Ia adalah seorang mudallis (orang yang suka menyembunyikan kecacatan hadis), yang dalam hadis ini menggunakan redaksi ‘an. Menurut Albani, hadis ini dhaif sesuai dengan kaidah: hadis mu’an’an yang diriwayatkan oleh mudallis adalah hadis yang dhaif.
Berdasarkan penelusuran kami, ada satu versi riwayat tentang Muhammad ibn Ishaq (perawi yang dipermasalahkan) yang tidak menggunakan redaksi ‘an tetapi haddatsana. Riwayat tersebut ditakhrij oleh al-Ruyani dalam al-Musnad.
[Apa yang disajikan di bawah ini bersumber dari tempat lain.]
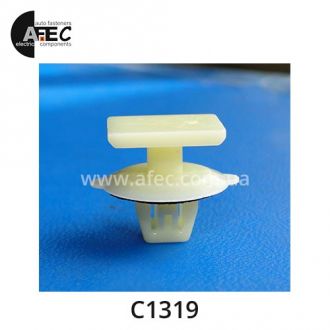 Клипса Toyota Клипса Toyota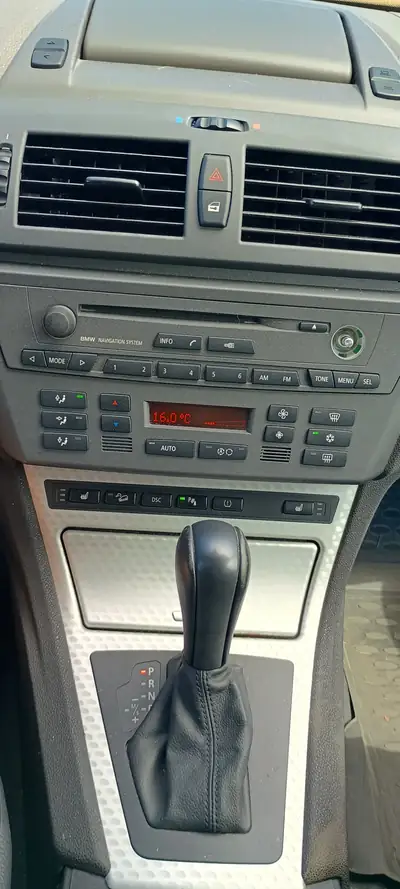 BMW X3 30i — SUV premium polyvalent, 154'000 km, traction intégrale — Armaturenbrett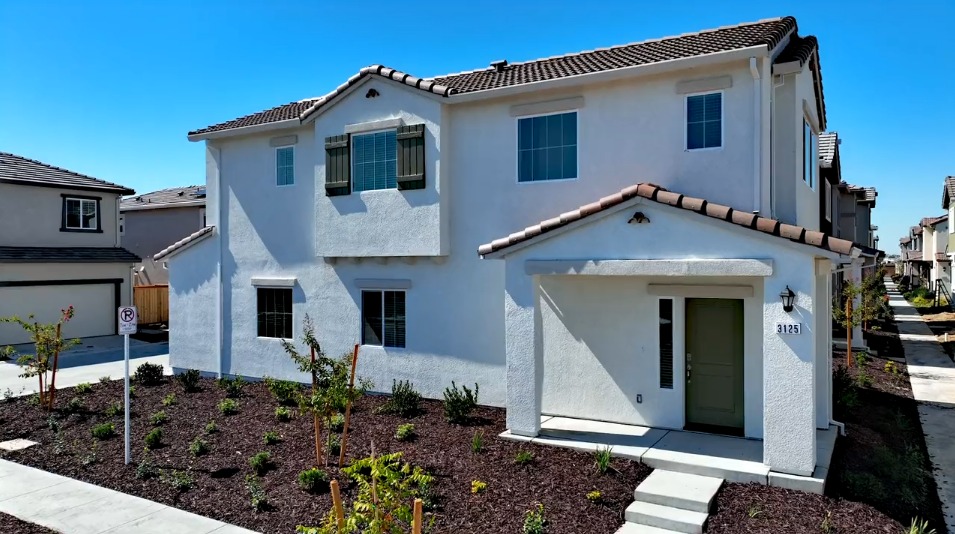 Floor Plan in Balboa II Roseville, CA D.R. Horton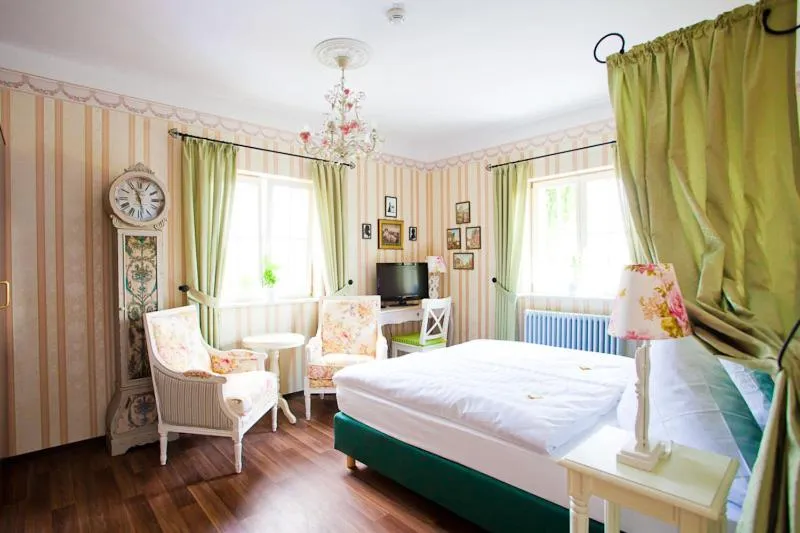 Bed in Gastwirtschaft & Hotel Hallescher Anger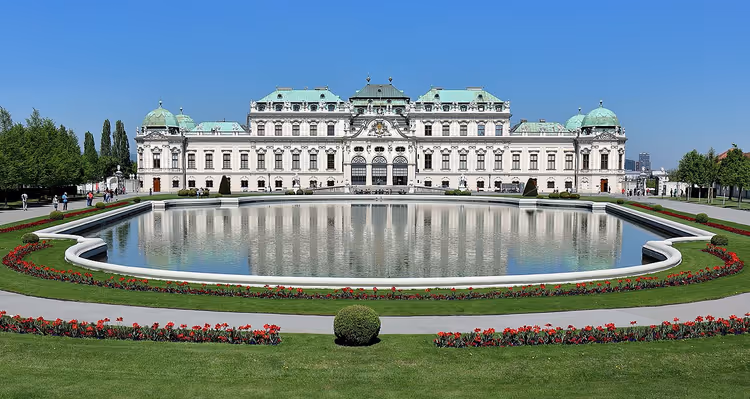 Belvedere-slottet i Wien med dam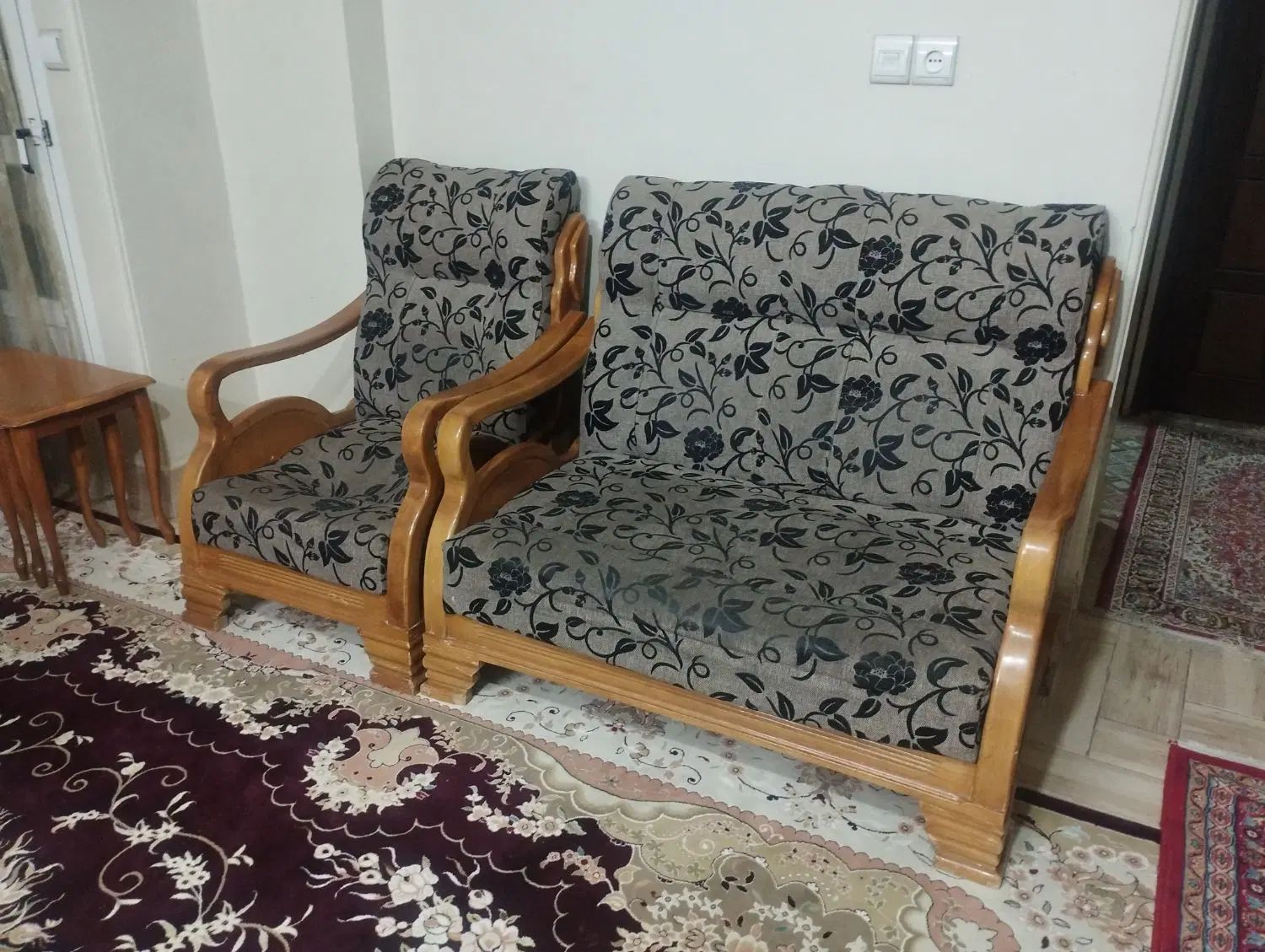 مبل شش نفره|مبلمان خانگی و میز عسلی|اصفهان, باغ فردوس|دیوار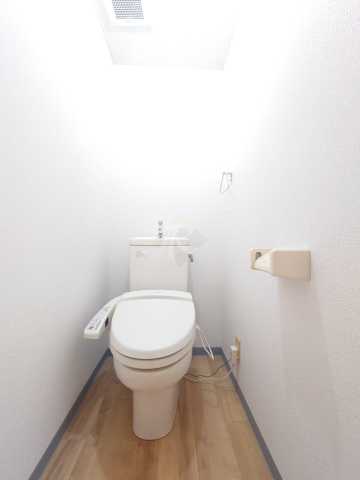 トイレ　第２成城島田マンション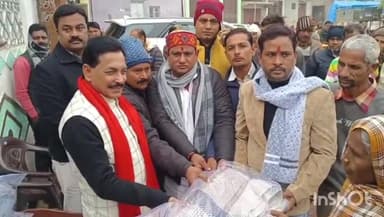 बिधूना: अछल्दा कस्बे के सराय बाजार में सपा विधायक प्रदीप यादव ने जरूरतमंदों को बांटे कंबल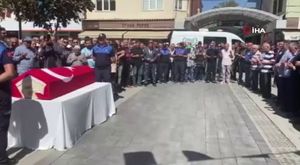 Masalar sandalyeler hareket etti, devrilen dolap bilgisayarların üstüne düştü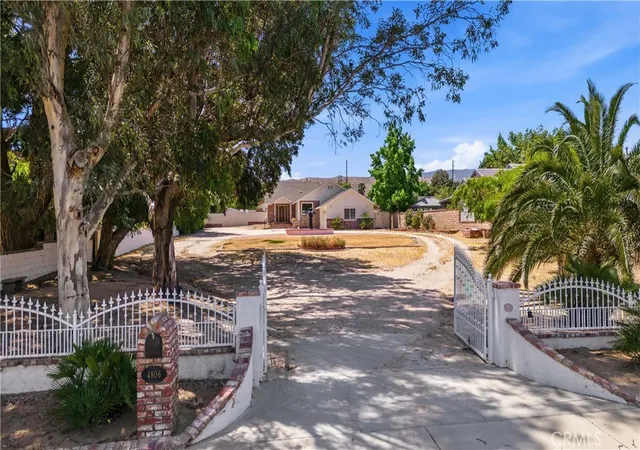 Photo 1 of Sale Pending at 4806 W Ave M14, Lancaster, CA 93536 | MLS# SR26152101 | Listing updated on 2026-09-05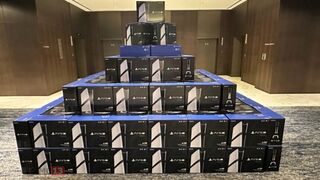 Сотрудников Shift Up наградили консолями PS5 Pro и премиями за успех Stellar Blade
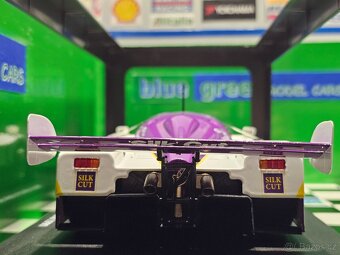 Jaguar XJR-12 #3 Vítěz 24 hodin LeMans 1990 Nielsen, Cobb, B - 4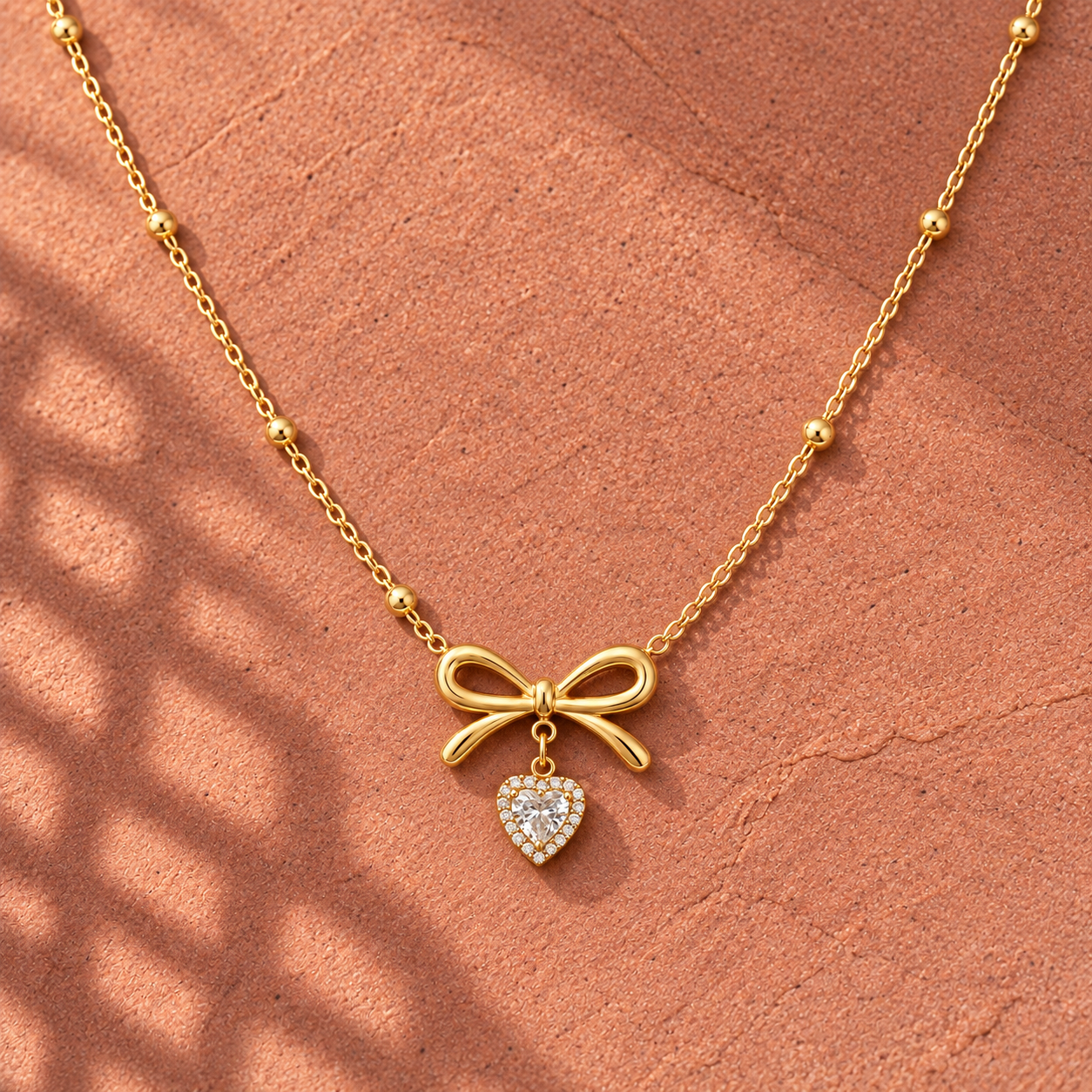 Necklace 1607 — product photograph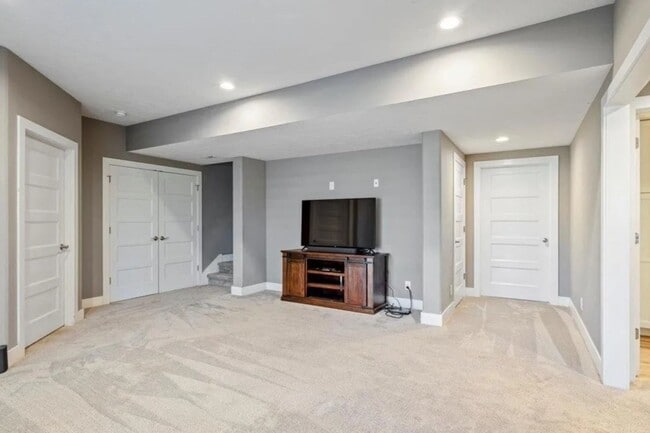 Building Photo - Waterfront Home in Buccaneer Bay with 3-Car Garage & Walkout Basement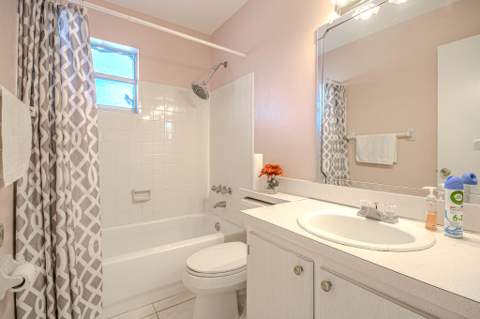 2222 NE 1st Way #202, Boynton Beach FL - photo 6 of 24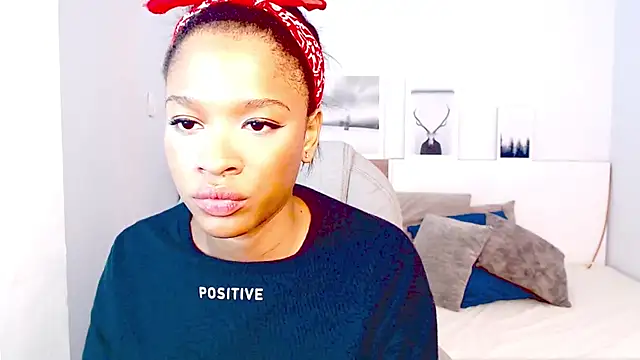 brendathompson  online show from October 7, 2025, 1:36 am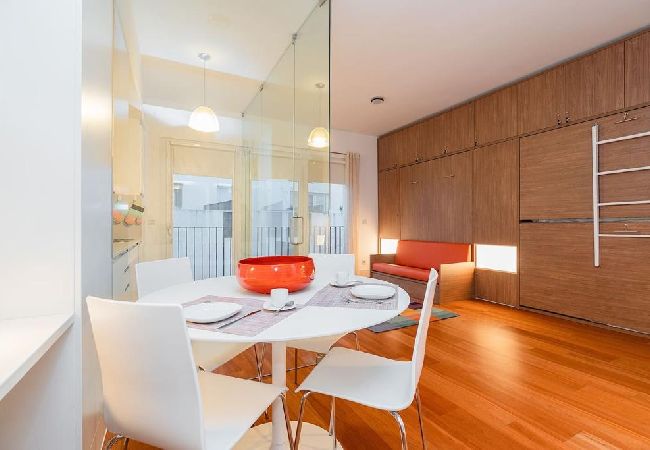 Estúdio em Lisboa - FLH S. Bento Foldable Color Studio Estúdio em Lisboa - FLH S. Bento Foldable Color Studio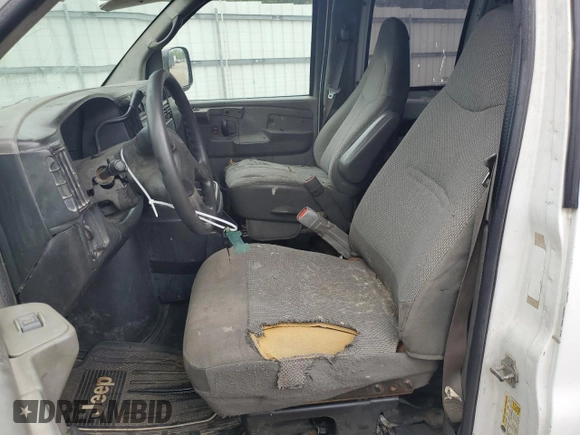 2007 Chevrolet Express Cargo with VIN 1GCGG29V071103833, listed as a Copart auction lot 51615175 with 266,722 mi miles and Clean title. Bid and sale history available at DreamBid. Image 7.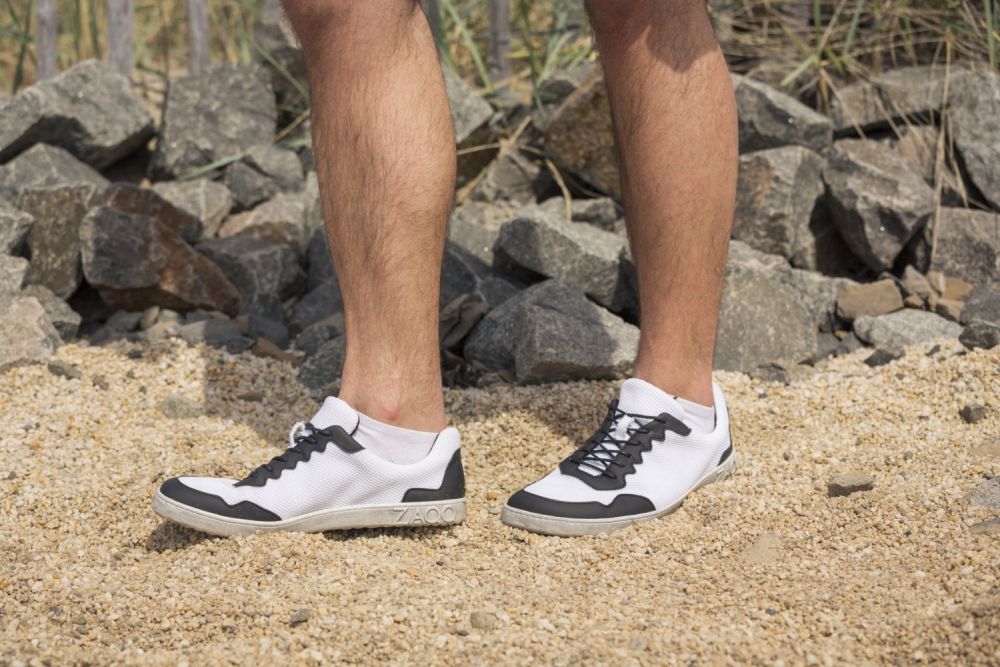 DUPLEQ Black White Vegan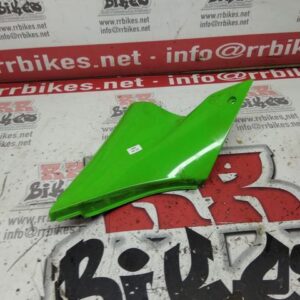 PLASTICO DEPOSITO IZQUIERDO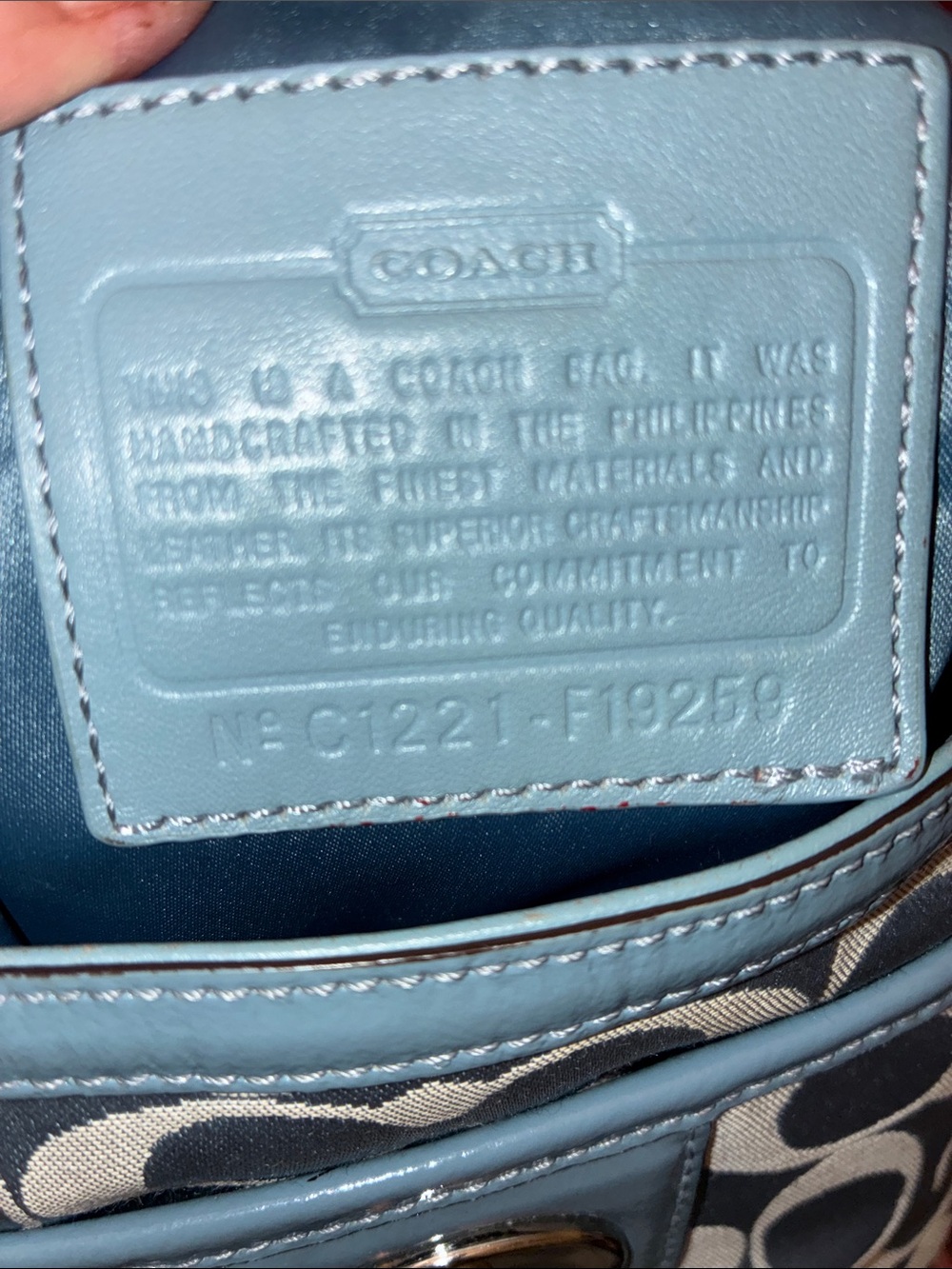 Coach Penelope Signature Sateen Hippie bag - Picture 6 of 11
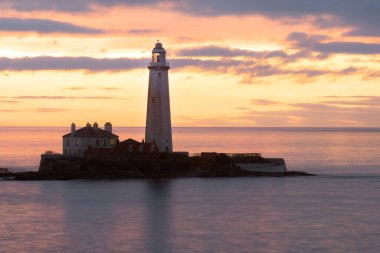 Deniz fenerinin büyüleyici manzarası manzaralı günbatımında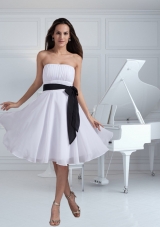 Sash Empire Strapless Knee Length Prom Dress in White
Namun, tidak dapat dipastikan mana lafal periwayatan yang benar-benar otentik yang digunakan oleh Muhammad ibn Ishaq, apakah versi mayoritas mukharrij yang menggunakan ‘an atau versi al-Ruyani yang menggunakan haddatsana.
Melihat jumlah mukharrij yang meriwayatkan lafal ‘an dari Muhammad Ibn Ishaq lebih banyak, tampaknya kita cenderung mengabaikan versi al-Ruyani.
Namun, selain al-Albani para ulama cenderung menilai hadis di atas sebagai hadis yang hasan. Seperti penilaian al-Tirmidzi, Ibnu Rajab dan Ibnu Hajar. Namun, sayang sekali, di sini tidak ada keterangan yang dapat diverifikasi terkait alasan para ulama yang menaikkan hadis di atas dari asalnya yang daif (karena keberadaan Muhammad ibn Ishaq) menjadi hasan.
Profil Muhammad ibn Ishaq
Kami telah melakukan penelusuran pada kitab Siyar A’lam al-Nubala yang memuat biografi para perawi. Ditemukan sejumlah komentar negatif para ulama hadis tentang Muhammad ibn Ishaq. Menurut Yahya ibn Main dia adalah orang yang dhaif.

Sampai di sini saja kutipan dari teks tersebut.